Dvorak, New World (4 movements)

Encore:

Megadeth, Symphony of Destruction (two main riffs, played by the symphony, without Dave)

Wagner, Ride of the Valkyries


Dave was fairly humble and magnanimous. He said that it was very intimidating being in front of so many accomplished musicians, and several times the pickups on his guitar cut out (which marred the performance) but he didn't seem to get upset. He was using a guitar with a wood body that looked like a violin. There were several places where his fretwork got sloppy and honestly the Pergamum version of the Summer movement on Youtube is superior. To be honest my favorite part was Dvorak!

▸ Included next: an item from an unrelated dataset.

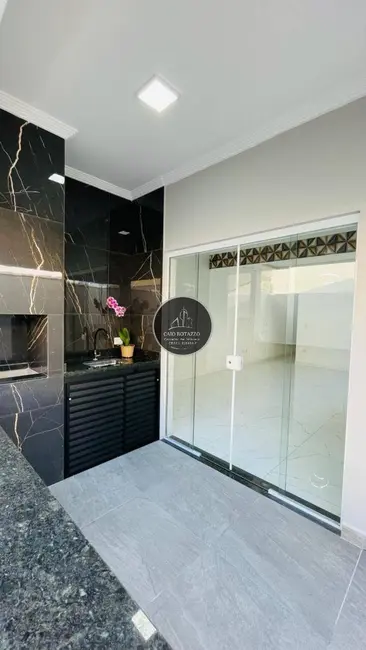 Foto 4 de Casa com 2 quartos à venda, 77m2 em Itanhaem - SP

As with the Metallica symphony show, the regular conductor was too cool to be there. I would argue that the conductor contributes the least of anyone in a symphony, so ih.

Dvorak, New World (Second Movement)

Shreddinger's Cats

1. Metal and cats. It's the internet, I shouldn't have to tell you anything else. I mean come on.

2. Extreme metal puss #1.



3. Extreme metal puss #2.



All bow before the god-king of all metal pusses.